EXERCISE INPUTS:
◆ ◆ ◆ ◆
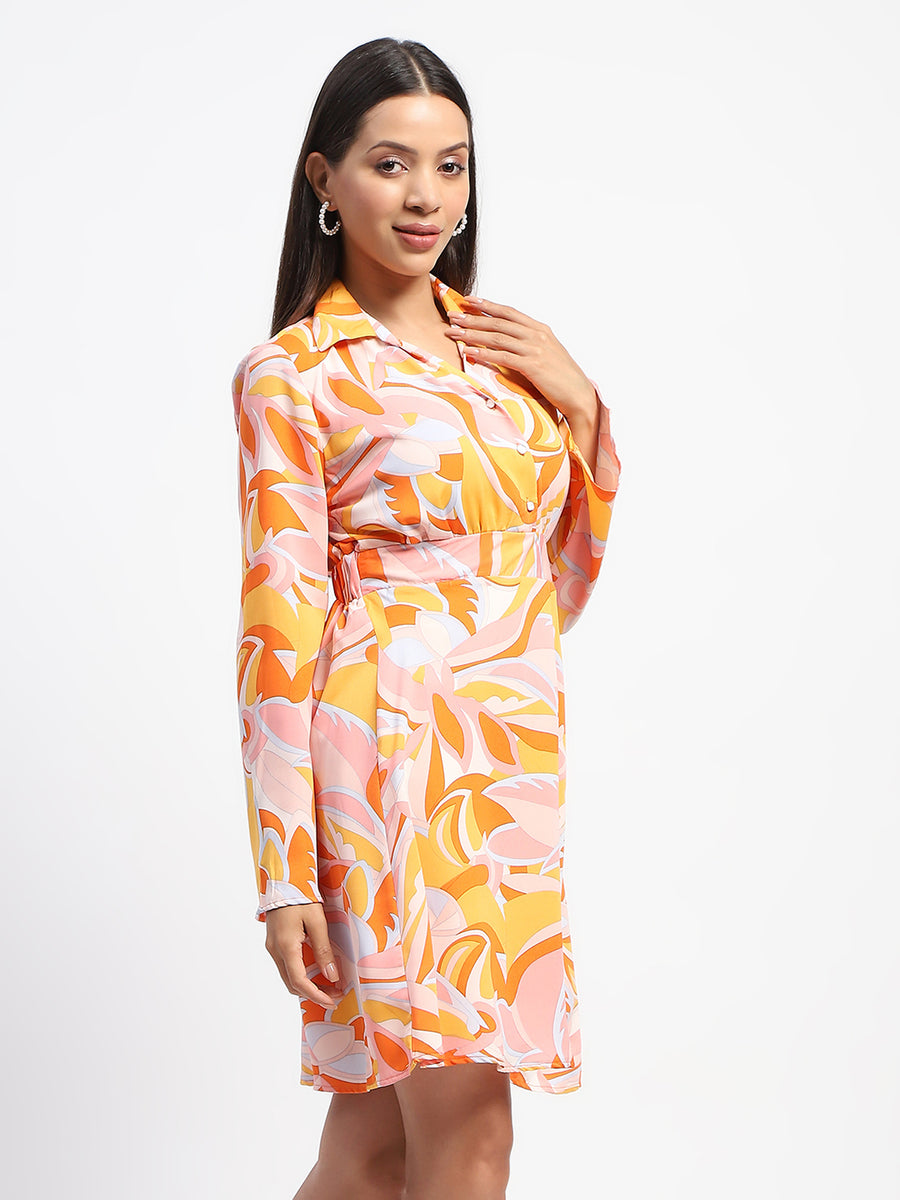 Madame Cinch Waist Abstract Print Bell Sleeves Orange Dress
◆ ◆ ◆ ◆
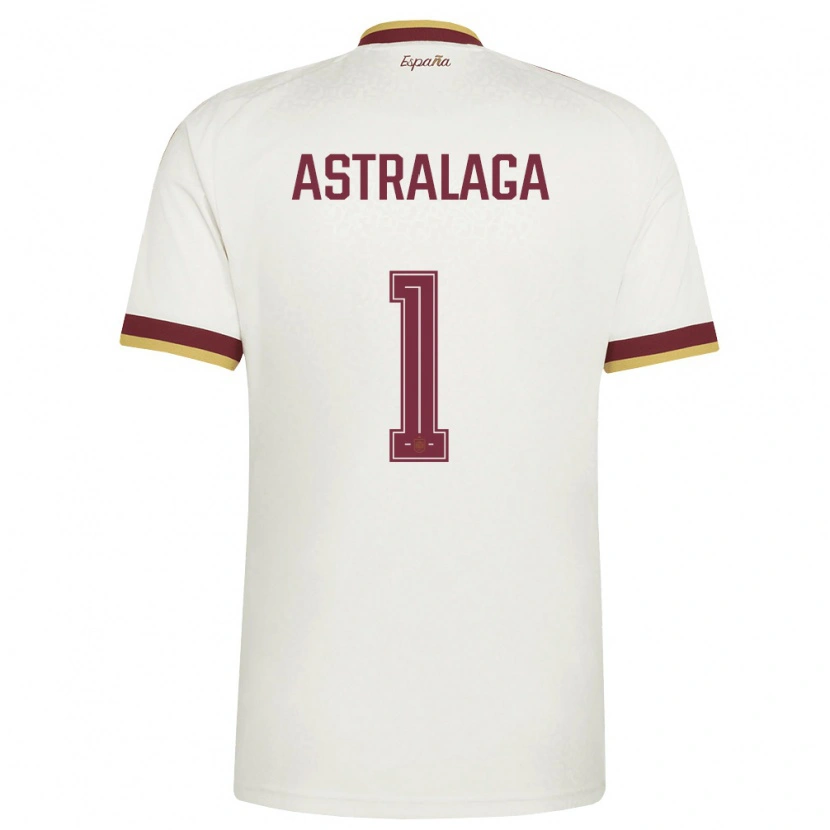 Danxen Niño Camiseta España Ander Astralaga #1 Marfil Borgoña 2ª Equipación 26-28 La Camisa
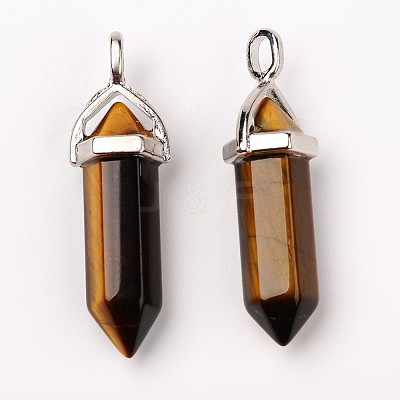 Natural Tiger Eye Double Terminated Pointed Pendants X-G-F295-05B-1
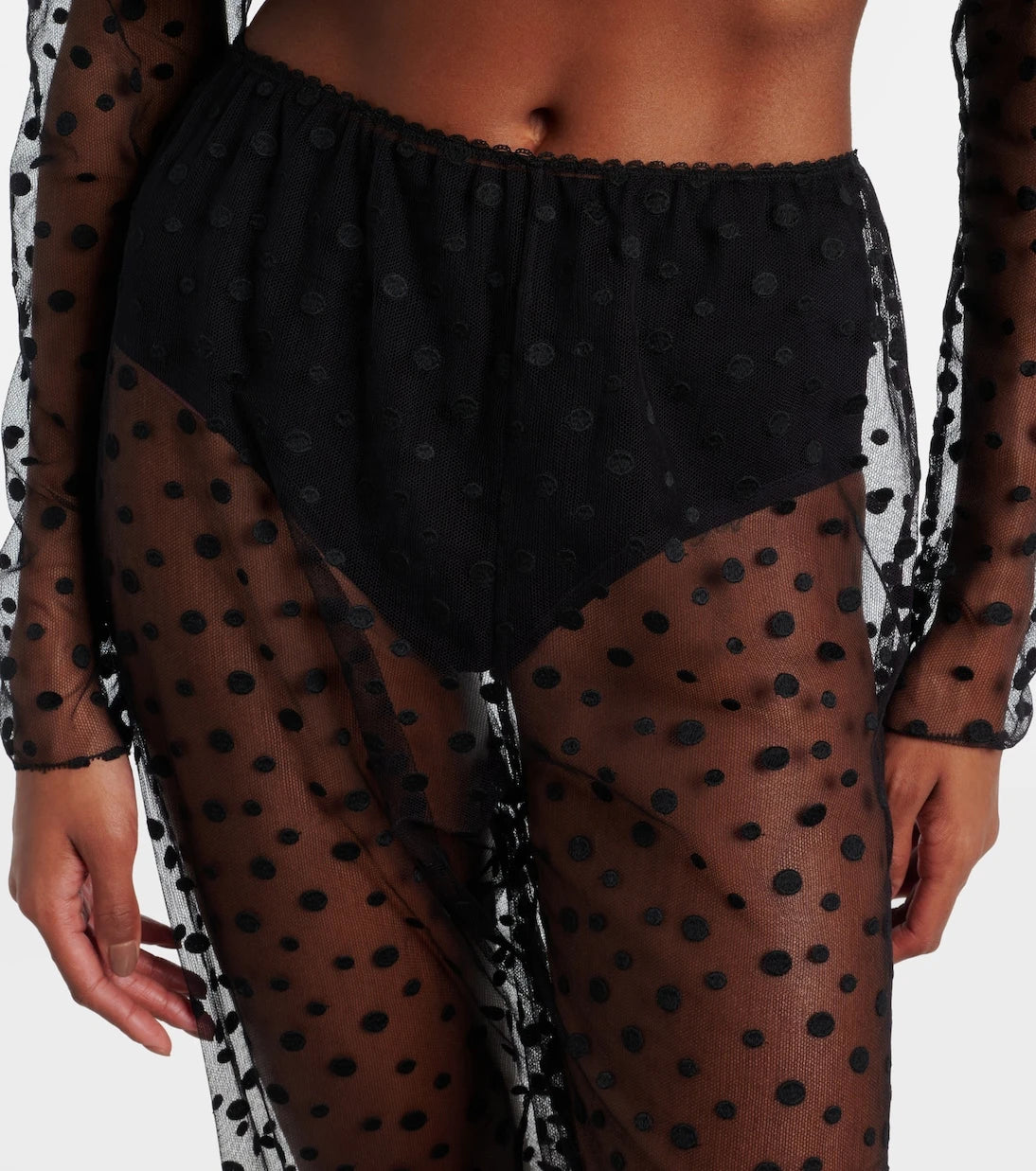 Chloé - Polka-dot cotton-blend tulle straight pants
◆ ◆ ◆ ◆
Word for word, retype the lines in the entries above that run from the one with "Natural Tiger Eye" through the one with "Chloé - Polka-dot". Both ends count; pictures do not.

 Natural Tiger Eye Double Terminated Pointed Pendants X-G-F295-05B-1
 Chloé - Polka-dot cotton-blend tulle straight pants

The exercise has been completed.